> _Data segment_
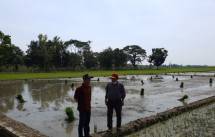 Atasi Stunting, Musim Gadu Pemalang Tanam Padi Inpari IR Nutri Zinc
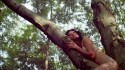 TV On The Radio 'Million Miles' Music Video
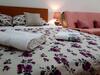 Hostal Zizi Guest House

> _What is required_
The listing above is to be set down word for word, without its images.

> _Written response_
 Atasi Stunting, Musim Gadu Pemalang Tanam Padi Inpari IR Nutri Zinc
 TV On The Radio 'Million Miles' Music Video
 Hostal Zizi Guest House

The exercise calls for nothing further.